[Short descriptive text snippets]
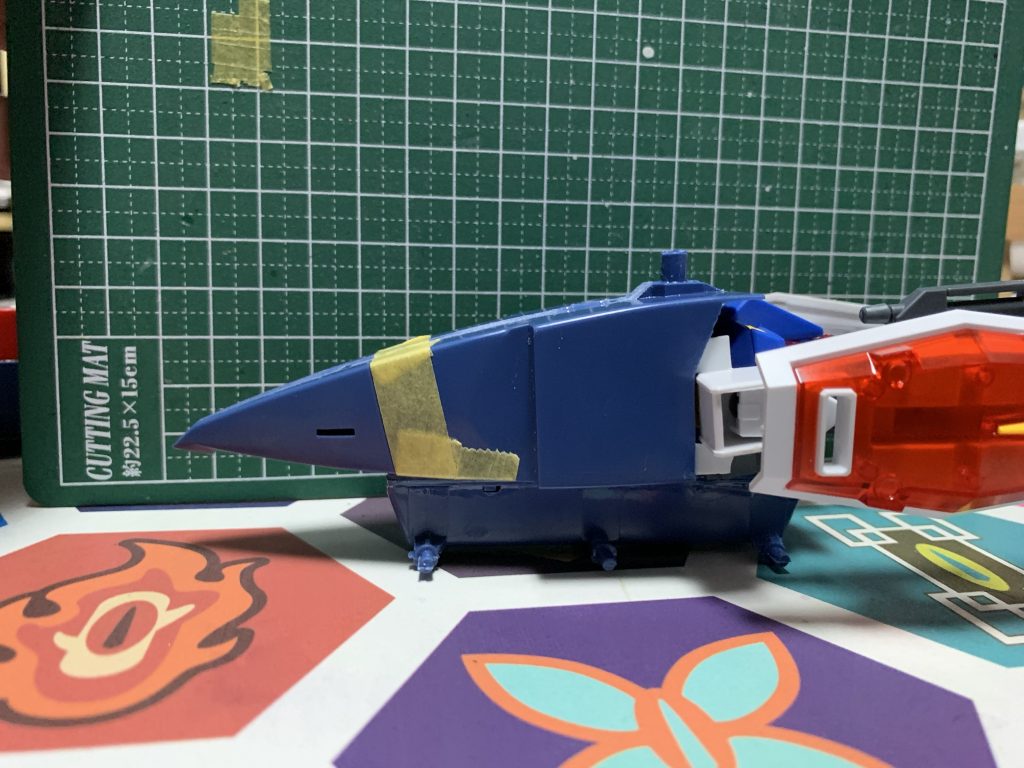 実はGブルをやろうとしても、ガンダムの上半身を固定する物がＥＧを使用すると無い為、ＥＧ用の固定パーツとして肩アーマーをキュッとハメて固定するパーツをプラ板で作って取り付けました。これと下にキャタピラの台座パーツで背中を支える形で固定できます。加工はこれくらいしかしてません。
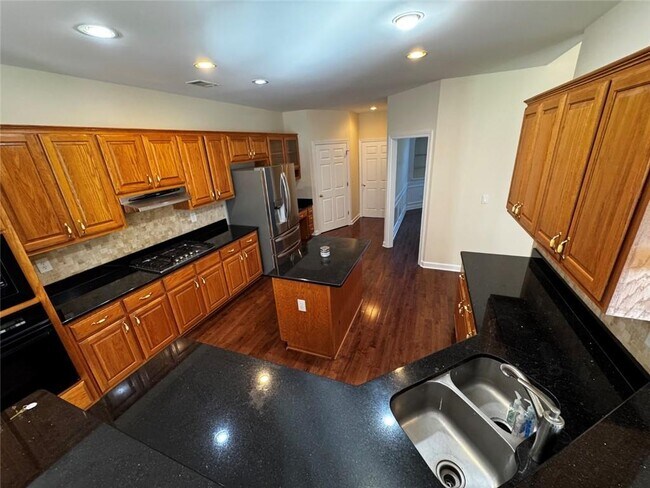 Foto del edificio - 925 Whitetail Ct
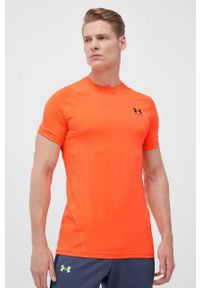 Under Armour t-shirt treningowy kolor pomarańczowy gładki 1361683-001. Kolor: pomarańczowy. Materiał: skóra, materiał. Wzór: gładki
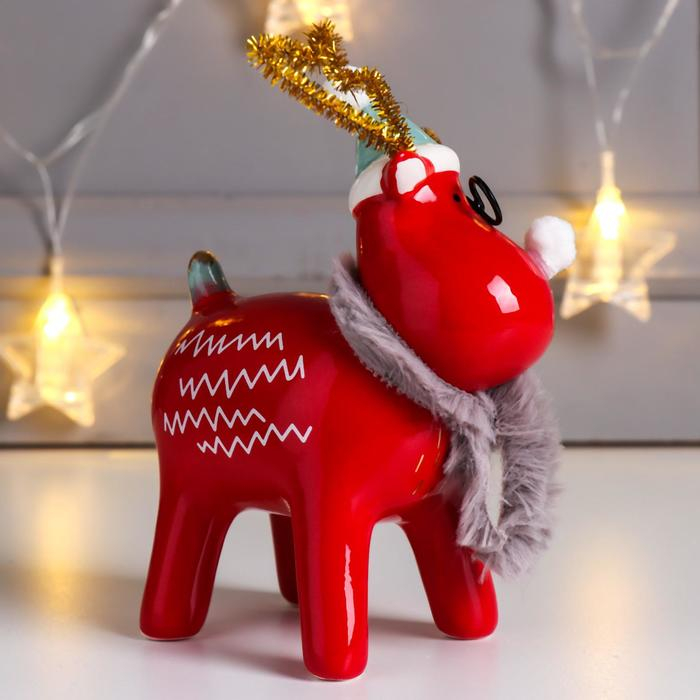 Сувенир керамика Сувенир керамика "Лосик в колпаке и очках" красный 15,5х6,5х10,7 см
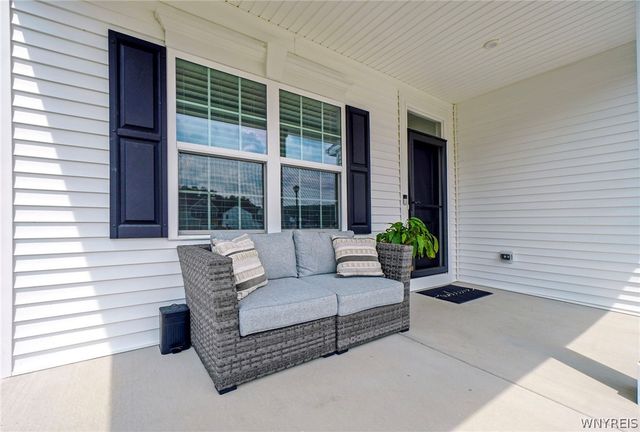 6375 Deanna Drive, Boston, NY 14075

» Problem to solve
The copy should begin at the line containing "Under Armour t-shirt" and end at the last line of the data above; please restate those lines word for word without the pictures.

» Your solution
 Under Armour t-shirt treningowy kolor pomarańczowy gładki 1361683-001. Kolor: pomarańczowy. Materiał: skóra, materiał. Wzór: gładki
 Сувенир керамика Сувенир керамика "Лосик в колпаке и очках" красный 15,5х6,5х10,7 см
 6375 Deanna Drive, Boston, NY 14075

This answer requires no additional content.